Effects of Quantum Hall Edge Reconstruction on Momenum-Resolved Tunneling

TL;DR

This paper investigates how quantum Hall edge reconstruction affects electron spectral functions and momentum-resolved tunneling, revealing distinct features that can serve as experimental signatures of edge structure changes.

Contribution

It applies a theoretical framework to calculate spectral functions for reconstructed edges, identifying observable effects of edge reconstruction on tunneling spectra.

Findings

Reconstructed edges exhibit additional excitation modes.
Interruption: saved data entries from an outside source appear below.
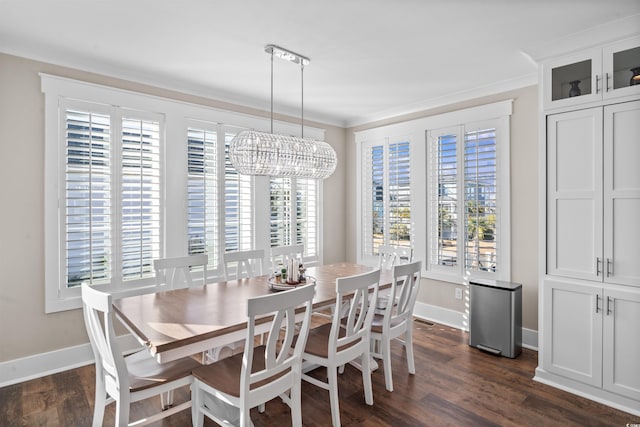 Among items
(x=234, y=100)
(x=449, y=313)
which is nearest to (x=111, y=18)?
(x=234, y=100)

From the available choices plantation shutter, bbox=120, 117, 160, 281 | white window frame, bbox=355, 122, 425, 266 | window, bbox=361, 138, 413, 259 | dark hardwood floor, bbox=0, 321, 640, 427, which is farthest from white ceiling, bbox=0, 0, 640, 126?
dark hardwood floor, bbox=0, 321, 640, 427

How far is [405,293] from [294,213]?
2.36 meters

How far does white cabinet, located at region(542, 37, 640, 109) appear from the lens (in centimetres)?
252

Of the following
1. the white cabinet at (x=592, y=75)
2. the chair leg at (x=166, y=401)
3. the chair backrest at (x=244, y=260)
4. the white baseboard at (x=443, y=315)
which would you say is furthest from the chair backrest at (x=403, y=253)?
the chair leg at (x=166, y=401)

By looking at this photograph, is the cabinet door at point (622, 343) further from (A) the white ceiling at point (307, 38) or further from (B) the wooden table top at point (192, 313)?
(A) the white ceiling at point (307, 38)

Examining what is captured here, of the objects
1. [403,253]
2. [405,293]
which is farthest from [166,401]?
[403,253]

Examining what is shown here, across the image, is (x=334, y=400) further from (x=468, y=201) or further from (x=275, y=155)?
(x=468, y=201)

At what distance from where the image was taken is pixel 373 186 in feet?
17.1

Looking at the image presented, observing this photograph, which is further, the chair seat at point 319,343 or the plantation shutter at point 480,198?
the plantation shutter at point 480,198

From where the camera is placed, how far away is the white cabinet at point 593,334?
2520mm

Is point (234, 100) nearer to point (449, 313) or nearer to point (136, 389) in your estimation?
point (136, 389)

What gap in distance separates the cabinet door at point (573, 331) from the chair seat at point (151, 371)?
2.71 m

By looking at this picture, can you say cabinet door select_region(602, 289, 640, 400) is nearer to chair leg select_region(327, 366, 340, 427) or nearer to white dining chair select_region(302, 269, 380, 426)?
white dining chair select_region(302, 269, 380, 426)

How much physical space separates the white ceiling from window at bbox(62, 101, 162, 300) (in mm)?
468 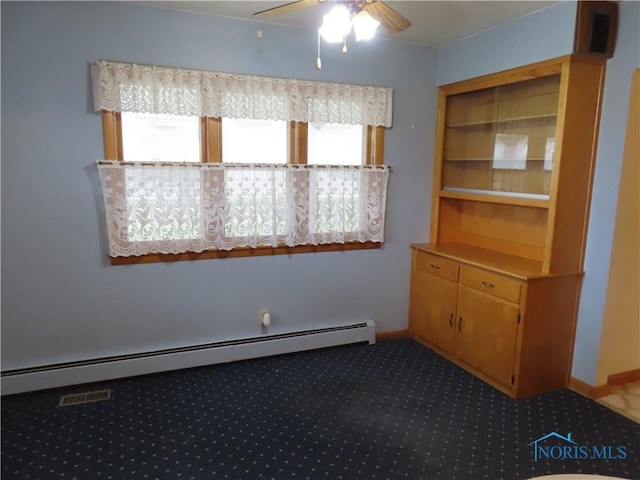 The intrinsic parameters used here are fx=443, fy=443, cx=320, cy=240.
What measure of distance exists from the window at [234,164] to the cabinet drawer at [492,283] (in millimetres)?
784

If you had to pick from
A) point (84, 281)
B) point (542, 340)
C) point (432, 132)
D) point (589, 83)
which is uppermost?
→ point (589, 83)

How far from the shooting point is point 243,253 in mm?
3256

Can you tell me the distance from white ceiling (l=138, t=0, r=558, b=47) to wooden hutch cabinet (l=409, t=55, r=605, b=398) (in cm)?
37

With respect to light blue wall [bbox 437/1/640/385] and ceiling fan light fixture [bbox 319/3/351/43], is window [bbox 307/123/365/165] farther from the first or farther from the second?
ceiling fan light fixture [bbox 319/3/351/43]

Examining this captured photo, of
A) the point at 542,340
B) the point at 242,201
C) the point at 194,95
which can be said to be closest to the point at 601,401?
the point at 542,340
Distinct features appear in energy and momentum dependence of spectral functions.

Results suggest experimental detection methods for edge reconstruction.

Abstract

During the reconstruction of the edge of a quantum Hall liquid, Coulomb interaction energy is lowered through the change in the structure of the edge. We use theory developed earlier by one of the authors [K. Yang, Phys. Rev. Lett. 91, 036802 (2003)] to calculate the electron spectral functions of a reconstructed edge, and study the consequences of the edge reconstruction for the momentum-resolved tunneling into the edge. It is found that additional excitation modes that appear after the reconstruction produce distinct features in the energy and momentum dependence of the spectral function, which can be used to detect the presence of edge reconstruction.